The N.C. Clean Energy Technology Center (NCCETC) released its 2022 annual review and Q4 update edition of The 50 States of Solar. The quarterly series provides insights on state regulatory and legislative discussions and actions on distributed solar policy, with a focus on net metering, distributed solar valuation, community solar, residential fixed charges, residential demand and solar charges, third-party ownership and utility-led rooftop solar programs.
The report finds that 46 states and the District of Columbia took some type of distributed solar policy action during 2022, with the greatest number of actions relating to net metering policies, community solar policies and residential fixed charge increases.

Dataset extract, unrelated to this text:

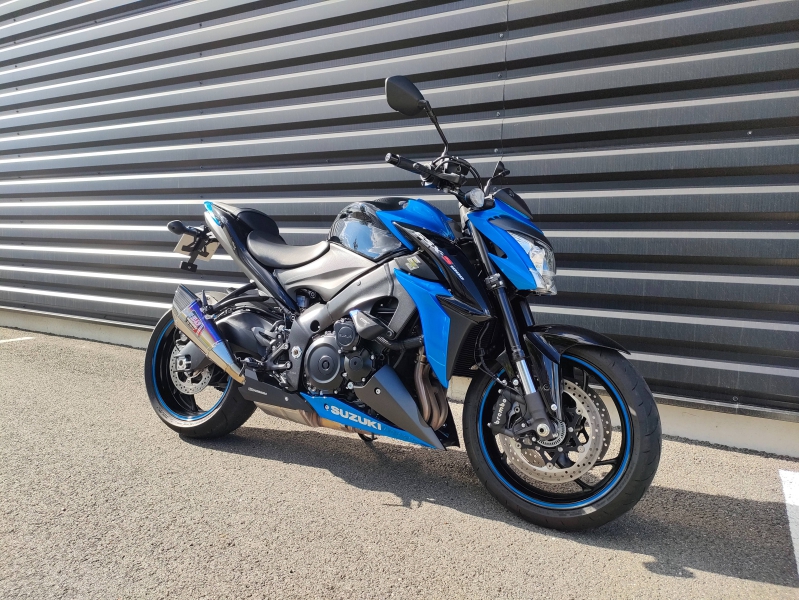 SUZUKI GSX-S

The states taking the greatest number of actions are Illinois, California, New York, Connecticut, Maine, Colorado and Michigan.
2022 solar policy actions
The report highlights ten of the top distributed solar policy trends of 2022:
- States moving away from traditional net metering;
- Net billing becoming the dominant successor tariff structure;
- States incorporating LMI-specific provisions in solar programs;
- Focusing on grid access fees and minimum bills;
- New states considering community solar programs;
- Growing use of time-varying compensation rates for distributed generation;
- Encouraging distributed generation systems paired with battery storage;
- States tying labor requirements to solar programs;
- Distributed generation programs increasing in complexity; and
- States taking an iterative approach to distributed generation program design.

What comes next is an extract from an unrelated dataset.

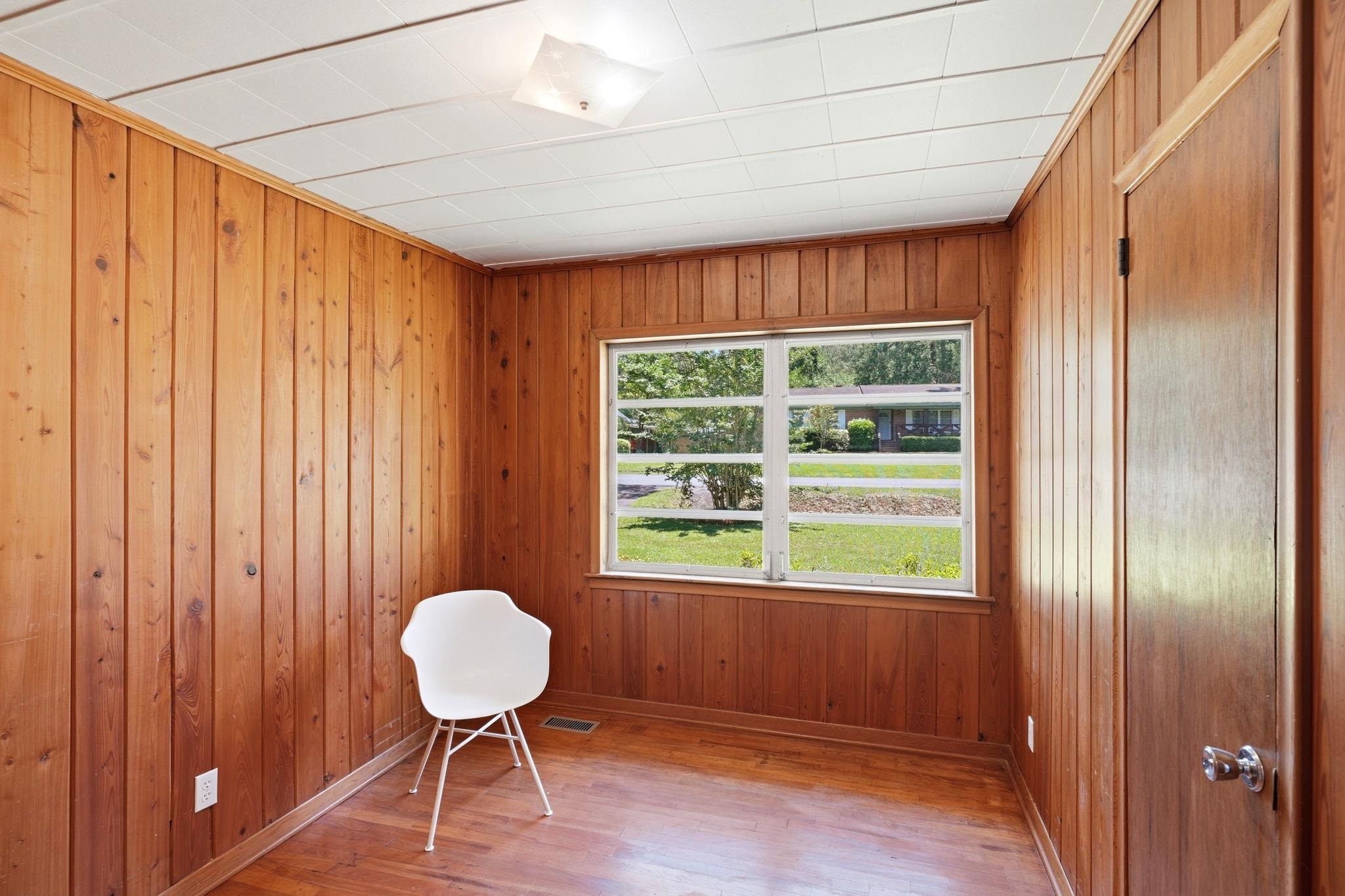 1314 Lakeside Drive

“2022 was a significant year for low-to-moderate-income (LMI) solar access, following a similar trend from 2021,” observed Justin Lindemann, policy analyst at NCCETC. “A plethora of states have committed to incentivizing LMI participation through carve-outs, rebates, as well as billing and tax exemptions. Much of the progress was related to improving community solar engagement. For example, new programs were enacted in New Hampshire and California that prioritize LMI community solar expansion.”

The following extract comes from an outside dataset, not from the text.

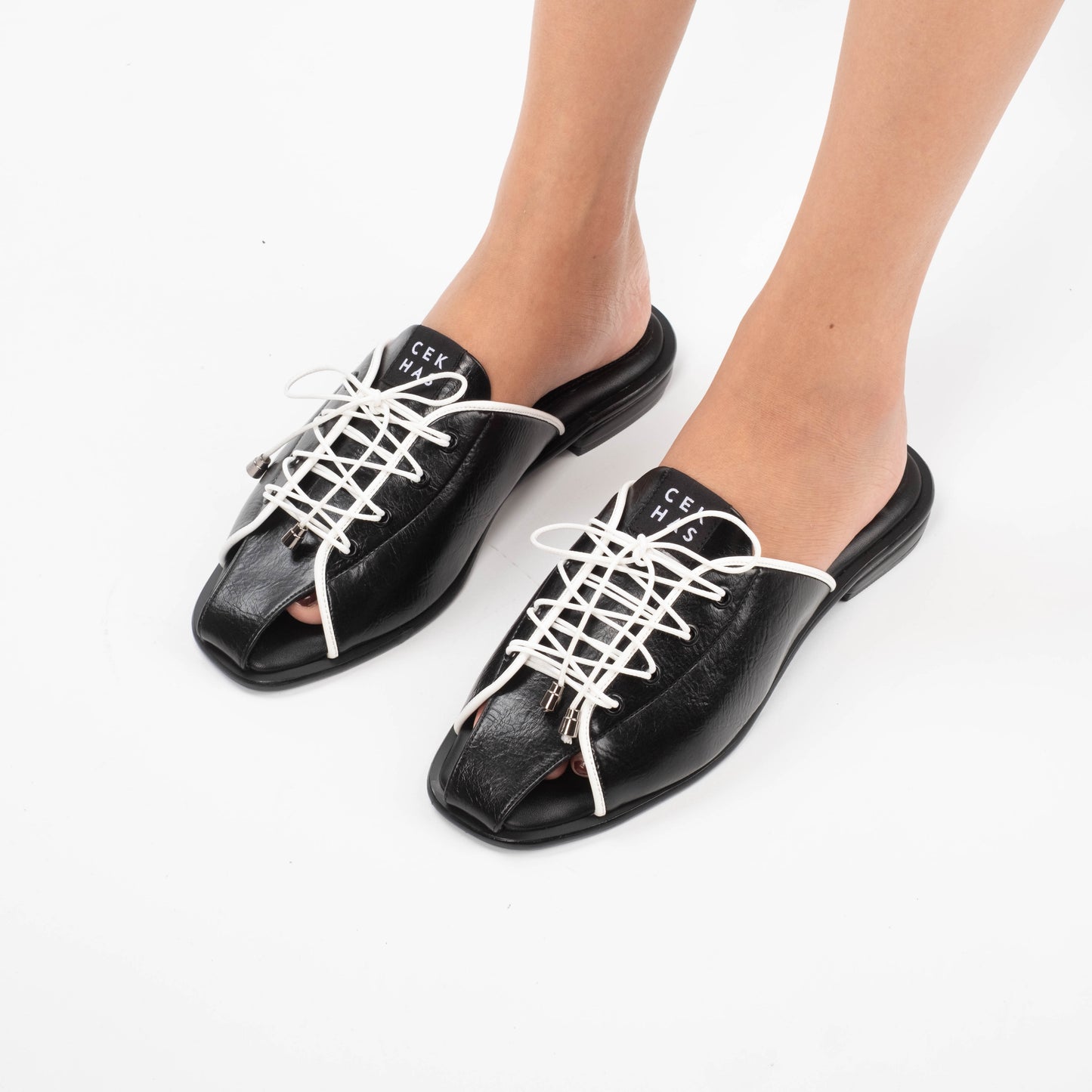 Maddie Black Mules - Sommar Bliss Collection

A total of 285 state and utility level distributed solar policy and rate changes were proposed, pending or decided in 2022. The report notes that ten of the most active states in 2022 for solar policy developments were:
- California, where regulators approved a net metering successor tariff and state lawmakers enacted legislation to create a new community solar program;
- Mississippi, where the Public Service Commission approved revisions to the state’s DG program rules and considered community solar program rules;
- Hawaii, where the Public Utilities Commission approved new DER program designs and an advanced rate design framework;
- North Carolina, where regulators considered Duke Energy’s proposed net metering successor tariff and allowed a third-party solar PPA at a military facility to proceed;
- Michigan, where Consumers Energy and DTE Electric requested approval to modify their DG program credit rates and implement additional fees;
- Maine, where legislators adopted changes to the net energy billing tariff rate program and a DG stakeholder group presented a DG successor program framework;
- Georgia, where the Public Service Commission increased export credit rates for Georgia Power’s net billing program, while declining to expand the limited retail rate net metering program;
- New Mexico, where regulators approved community solar program rules and Xcel Energy filed its proposal for a standby rate;
- Indiana, where regulators approved net metering successor tariffs for the state’s investor-owned utilities and the Indiana Supreme Court considered an appeal; and
- Florida, where the governor vetoed a bill that would have established a net-metering successor tariff and authorized the implementation of additional fees for customer-generators.
“This year, utility regulators considered several novel approaches to utility cost recovery for service to DG customers,” said Vincent Potter, policy analyst at NCCETC, “Michigan regulators denied an annual-average demand charge for DG customers; California regulators rejected capacity charges in favor of instructing utilities to use specific existing tariffs; and in Hawaii, regulators ordered the implementation of a framework for advanced rate design which will eventually replace demand charges and minimum bills in the state.”
In Q4 2022, 40 states and D.C. took some type of action on distributed solar policy or rate design. A total of 156 actions were tracked in Q4.